When I use OpenCV 2.4.3 I get this exception:
Exception at 0x7c812fd3, code: 0xe06d7363: C++ exception, flags=0x1 (execution cannot be continued) in opencv_core243d!cv::SparseMat::erase
OpenGL is required, but there may also be a problem with your scale parameter (50.0f). It seems too large. As I understand, this should be less than 1. If it is a large number, the algorithm fills up GPU memory quickly. Plus, it may not make sense to use an expanding (upside-down?) image pyramid. Not perfectly sure though.
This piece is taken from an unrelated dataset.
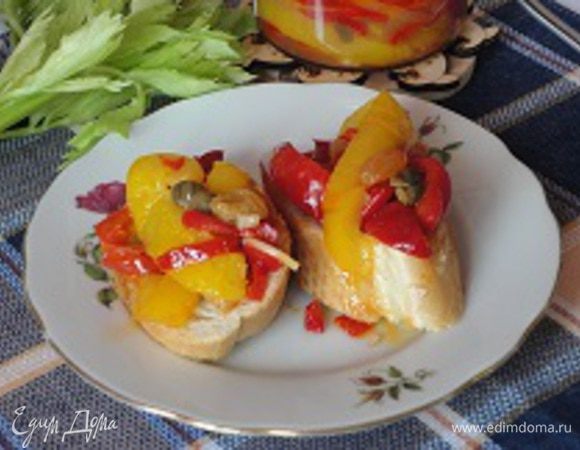 Готовую пеперонату попробуйте на вкус, при необходимости добавьте соли. Подавайте теплой на ломтиках чиабатты (у меня был простой багет).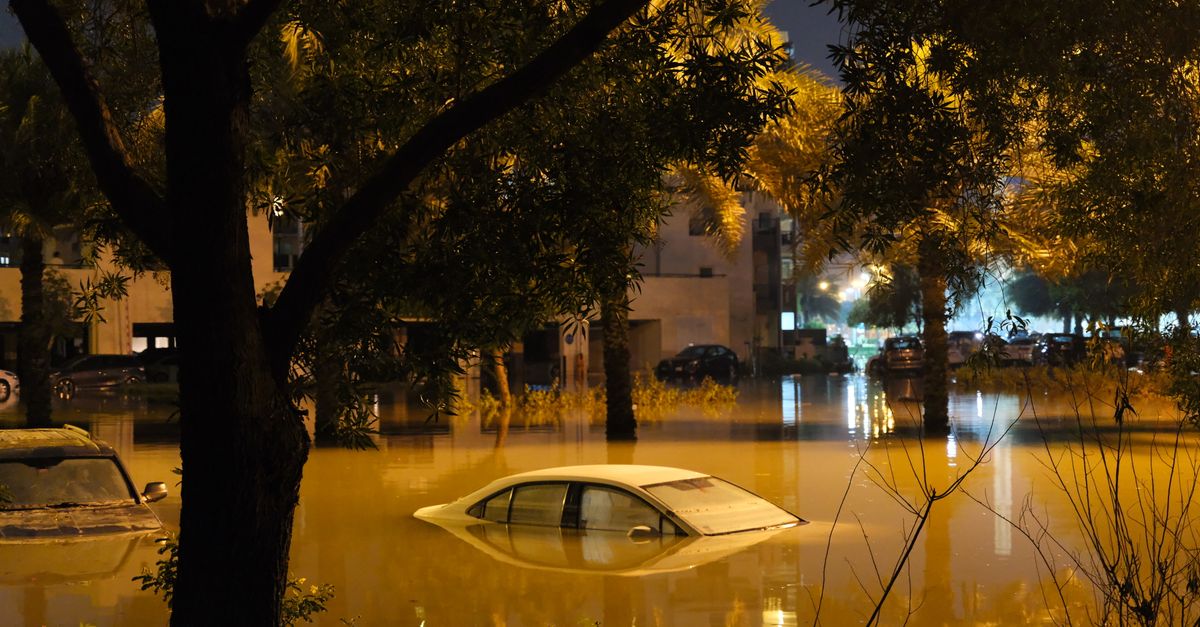 auto estacionado en una calle inundada tras una lluvia intensa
After experimenting with other versions of OpenCV and following the information contained here: http://stuartjames.info/Journal/opencv-brox-optical-flow-sample-possible-fix.aspx
It looks like I need to recompile OpenCV with OpenGL.
It seems that you can test whether your install of OpenCV has OpenGL by running the command: cv::gpu::setGlDevice(0); if this fails with a weird exception like the one above then you need to recompile.
OpenGL is required as the newer optical flow algorithms in OpenCV map data to OpenGL textures to (I assume) speed up operations, or maybe to just make the code simpler.
So, after all this, the solution is to recompile OpenCV with OpenGL. This can be achieved by ticking the WITH_OPENGL box when using CMake to configure the build.
If you want to use the GPU version of the video reader make sure you also tick WITH_NVCUVID this is included with CUDA but not included unless you request it...
-- EDIT --
After the comments from paul I've corrected the scale factor in my code from the question.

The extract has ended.